Analysis of benchmark datasets
Data were generated as previously described [7] and is available at their github repository [26]. Briefly, five human lung adenocarcinoma cell lines (HCC827, H1975, A549, H838, and H2228) were cultured separately and the same batch was processed in two different ways to create three datasets. For the two single-cell datasets, single cells from three or five cell lines were mixed together, with libraries generated using three different protocols (10X Chromium, Drop-seq, CEL-seq2). For the mixRNA datasets, RNA was extracted in bulk from three cell lines (HCC827, H1975, and H2228), mixed in seven different proportions, and diluted to single-cell equivalent amounts, with libraries generated using either CEL-seq2 or SORT-seq protocols. Available cell clusters from the paper estimated by Demuxlet were used to estimate contamination by DecontX on both single-cell datasets; all cells were included for DecontX analysis. For the mixRNA datasets, we assign the cell cluster of each pseudo-cell being the predominant cell line that has contributed more than 50% of the total mRNA.
Analysis of three tissues across two 10X Chromium platforms
Three tissue types (mouse brain, mouse heart, PBMC from healthy donor) were profiled using two different 10X 3’ protocols (V2, V3).

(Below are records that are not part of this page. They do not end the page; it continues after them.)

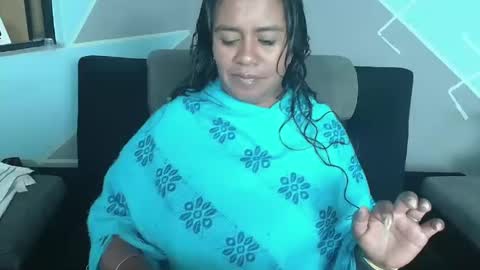 Snapshot of saggil_0385 chatting on May 9, 6:18 am saggil_0385 online show from May 9, 6:18 am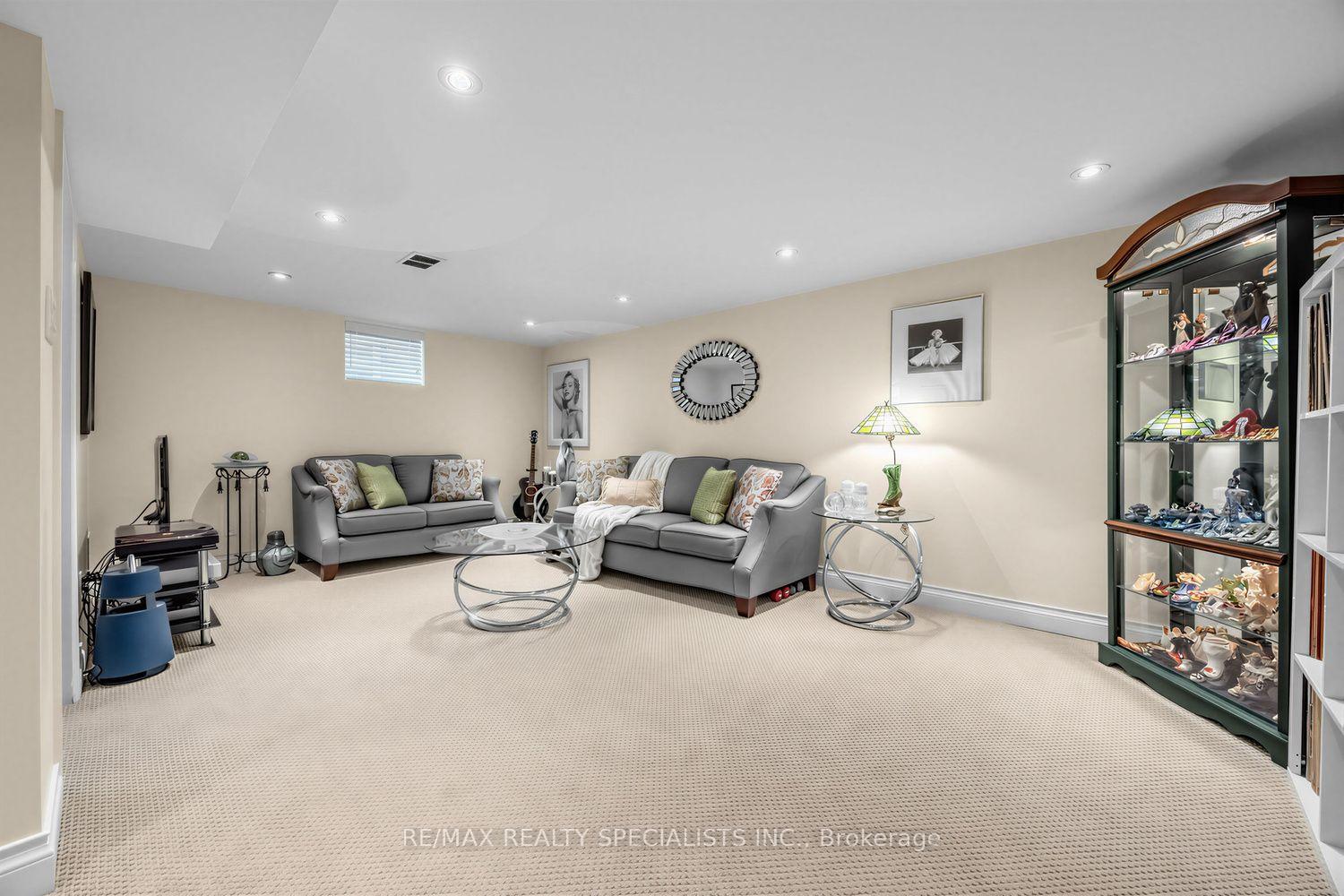 Photo 25 of 1211 Royal York Road, Etobicoke, Edenbridge-Humber Valley — HOMEH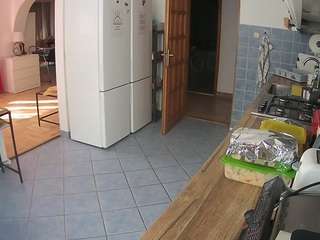 voyeurcam-julmodels-kitchen Live Webcam on CamSoda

The six datasets are available at 10X Genomics [27–32]. A total of 1206 cells were detected in BrainV2, 1301 in BrainV3, 712 in HeartV2, 1011 in HeartV3, 996 in PBMCV2, and 1222 in PBMCV3. Genes which contained at least 3 counts across 3 cells were included in the analysis. Automatic clustering is performed on each dataset. Specifically, for each dataset, genes were collapsed into 100 gene modules using Celda [17], UMAP [33] was used on the 100 gene modules to define spacial similarity between cells on a reduced two-dimensional space, and then, density-based spatial clustering of applications with noise [34] (DBSCAN) was used with parameter epsilon as 1 to define cell clusters.